Tour was conducted on 2/23/10 from 2:00 PM until 5:50 PM with the Director of Plant Engineering (staff Q) and the Safety Officer (staff R.) Relative humidity (RH) was observed at 3:23 PM to be 30 per cent in OR #1 and 26.1 per cent in OR #2. Review of the RH record kept by nursing for January, 2010 and February, 2010 revealed that in January the RH was less than 35 per cent on two days in OR #1 and on 13 days in OR #2. The RH in OR #1 on the days noted ranged from 22 per cent to 32 per cent; the RH in OR #2 on the days noted ranged from 26 per cent to 33 per cent. In February the RH was less than 35 per cent on three days in OR #1 and on 13 days in OR #2. The RH in OR #1 on the days noted ranged from 21 to 25 per cent; the RH in OR #2 on the days noted ranged from 20 per cent to 33.4 per cent.

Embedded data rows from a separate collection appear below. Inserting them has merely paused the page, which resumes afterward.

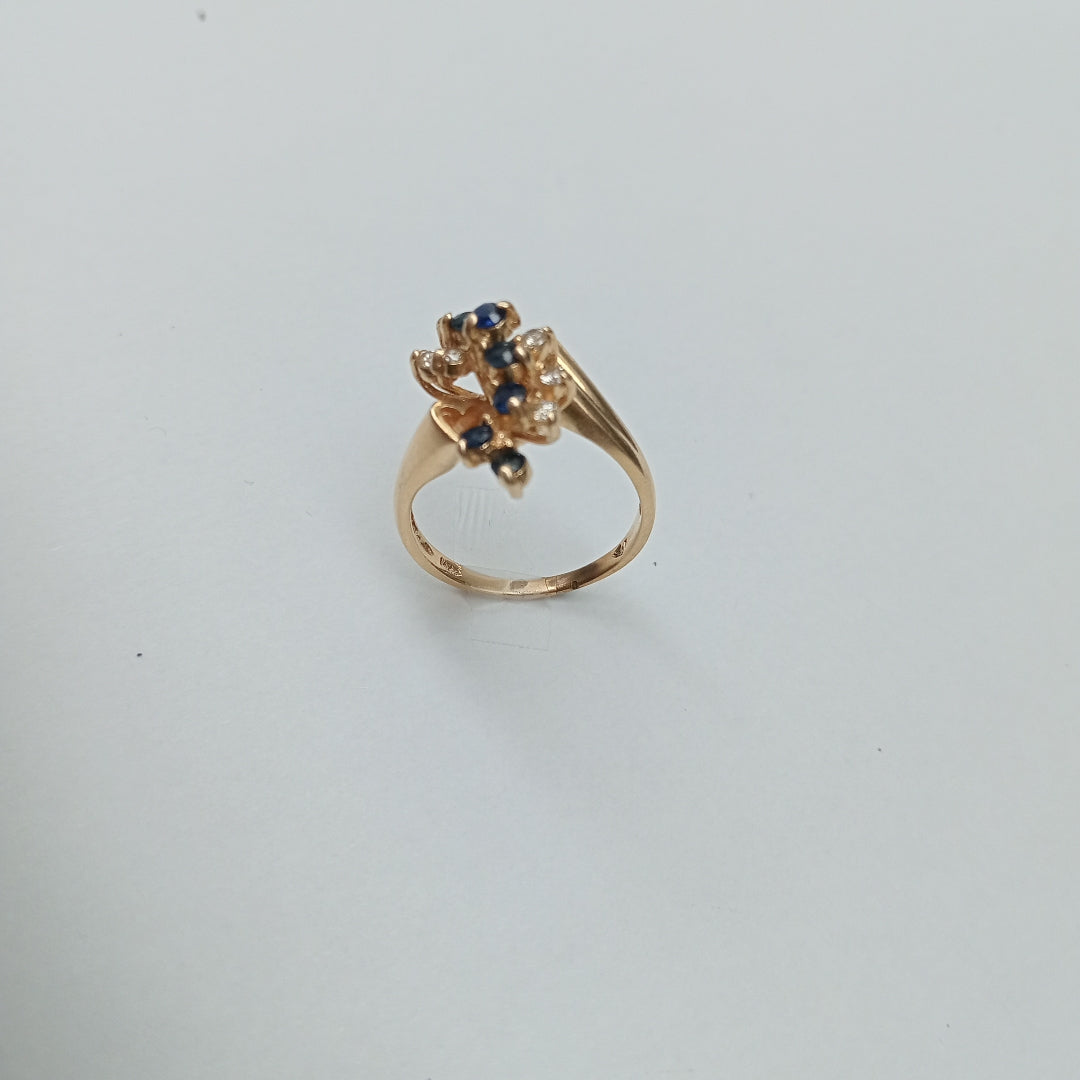 ANILLITO ORO 14 K 4,70 GRMS (SEMINUEVO)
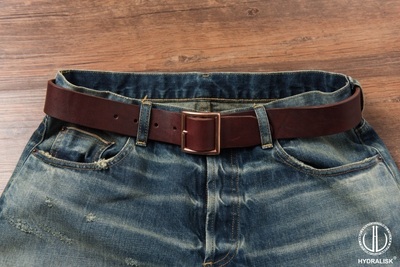 海觉horween稀有野牛皮皮料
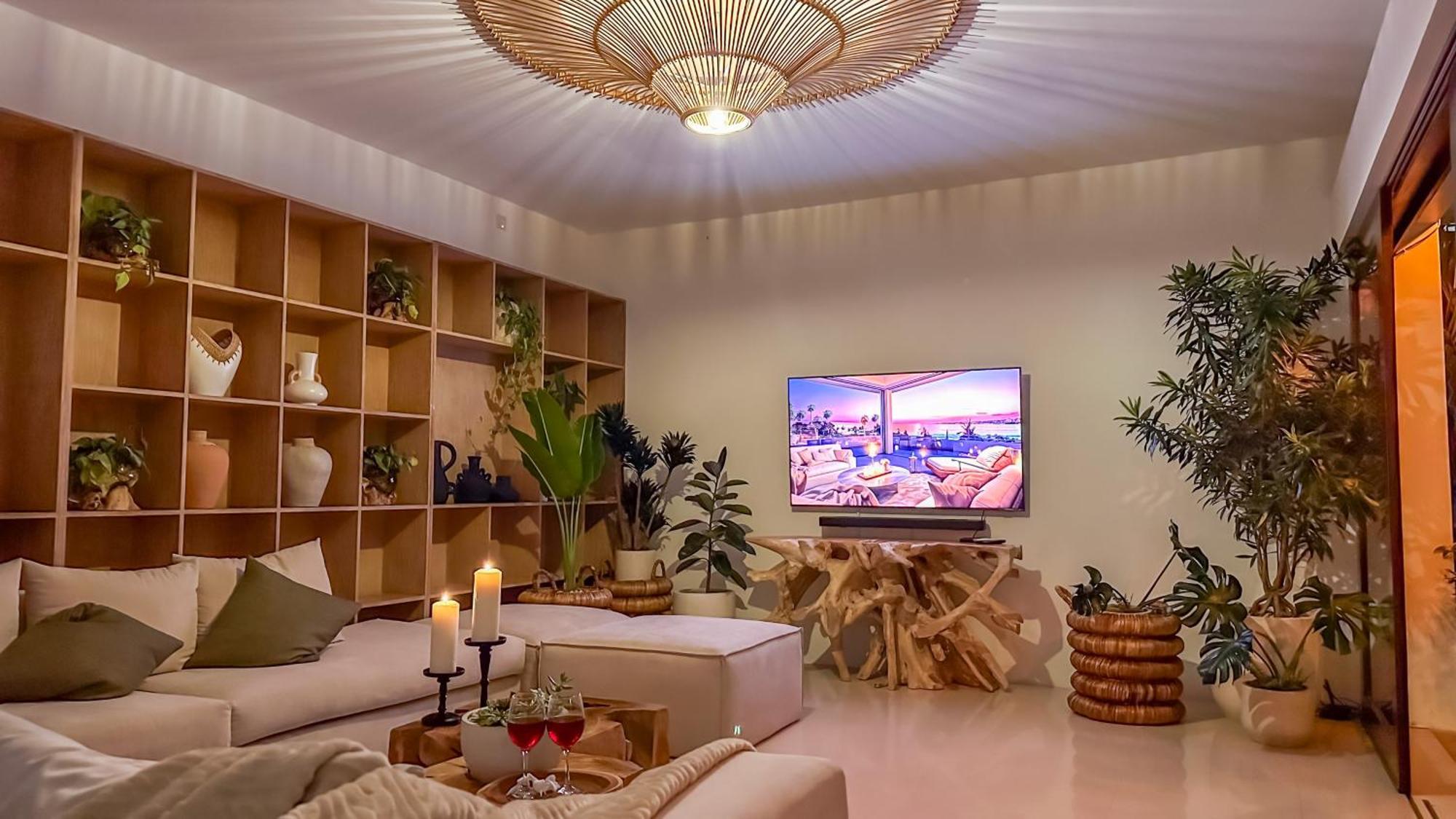Skyfall Luxury Beach Villa Nusa Dua  Exteriér fotografie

Observation of the actual RH levels at return air from the OR's at the main computer terminal in the maintenance department confirmed that the RH in both OR's was less than 35 per cent, and it was also noted that the low end set point for RH was 20 per cent.

These findings were confirmed by staff Q during the tour.

LIFE SAFETY CODE STANDARD

Tag No.: K0144

Based on review of generator records and staff interview, it was determined that the facility failed to record weekly inspections of the generator as required by NFPA 99. This could affect all individuals in the hospital.

Findings include:

Review of the generator log was completed on 2/23/10. Monthly load testing was recorded as performed as required; however, there was no record available for review for the weekly inspections of the generator. The Director of Plant Engineering (staff Q) stated in an interview on 2/25/10 at 9:30 AM that the generator was inspected daily, but there was no record kept of the inspections.